Disadvantages of Timing the Market
Timing the market comes with no guarantees but quite a few potential disadvantages. If your time is already limited, you may not like having to keep a constant eye on stocks and even check in daily to see how the market is doing.
There’s also the added expense from transaction costs and commissions. The more you trade, the more you may have to pay in fees as opposed to holding onto your stocks long-term. On top of that, you will also pay more taxes on your short-term capital gains. Short-term gains taxes occur when you sell an appreciated security (investments that have increased in value since you purchased them) that you’ve been holding onto for less than a year.
While long-term gains can be taxed at a maximum of around 20%, short-term capital gains are taxed as ordinary income at graduated tax rates. In order to win financially by timing the market, your gains (after taxes and fees) would need to outperform the index year after year which is extremely difficult to do.
Dollar-cost averaging is a common investment strategy that can be a great alternative to trying to time the market. With dollar-cost averaging (DCA), you are committing to invest the same amount of money regardless of market conditions. As a result, you won’t need to worry about trying to time things at the perfect moment.
This is a long-term strategy that you may already be using especially if you invest in your employer-sponsored 401(k). Each time you get paid from work, a fixed amount of your income goes into your 401(k) and is invested regardless of what’s going on in the market. If you earn a salary of $75,000 per year and contribute 20% toward your 401(k), that means you’ll invest $15,000. Imagine if you took that $15,000 and invested it all at once in one stock then tried to sell and trade based on what you thought was going to happen in the market. This would be a risky strategy that could cause you to end up losing your starting investment if the of that single stock drops significantly.
However, by breaking that $15,000 amount down into fixed monthly contributions, you can better shield yourself from devastating losses by not putting all your eggs into one basket. You can do the same with your other investment accounts as well.
Value averaging is another strategy that may be more promising than timing the market. With value averaging, you aim to invest more when the share price falls and less when the share price rises. Think of it as waiting for a good sale to occur before spending your money. Unlike with dollar-cost averaging, you won’t always be investing the same amount each month.
Market corrections are bound to happen, and if you want to buy stocks at a lower value in the hopes that they will increase over time, you do have the option to wait for the right opportunity.
With value-averaging, you’ll set a growth goal for your portfolio by calculating the realistic values of the investments in future periods. Then, you’ll make contributions each month based on that goal. For example, let’s say you have $3,000 invested and you want your nest egg to grow by $300 each month. If market increases only get your account to $3,050 in a month’s time, you’ll invest $250 to meet your goal. When the market does perform better and naturally meets your target goal, you’ll invest less of your own money during those months.
What Investment Strategy Should You Choose?
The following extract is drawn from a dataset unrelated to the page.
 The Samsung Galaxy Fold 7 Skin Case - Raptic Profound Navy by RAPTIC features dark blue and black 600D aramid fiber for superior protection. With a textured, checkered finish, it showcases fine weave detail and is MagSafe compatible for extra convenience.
So how do you determine if timing the market or time spent in the market is more important to you? Start by assessing your goals and desired risk level. How much do you know about market trends? Even then, do you feel confident with predicting what’s going to happen tomorrow or next year? Most people don’t and when they do the math, they find that short-term capital gains taxes and trading fees add up.
If you are just starting out with investing or have many more years to go until you consider retiring, you may find it better to keep a low to moderate risk level and take advantage of long-term compound interest growth, which is inevitable.
Talk to a financial advisor for advice specific to your unique situation to ensure you make sound investment decisions that you’ll be pleased with in the future.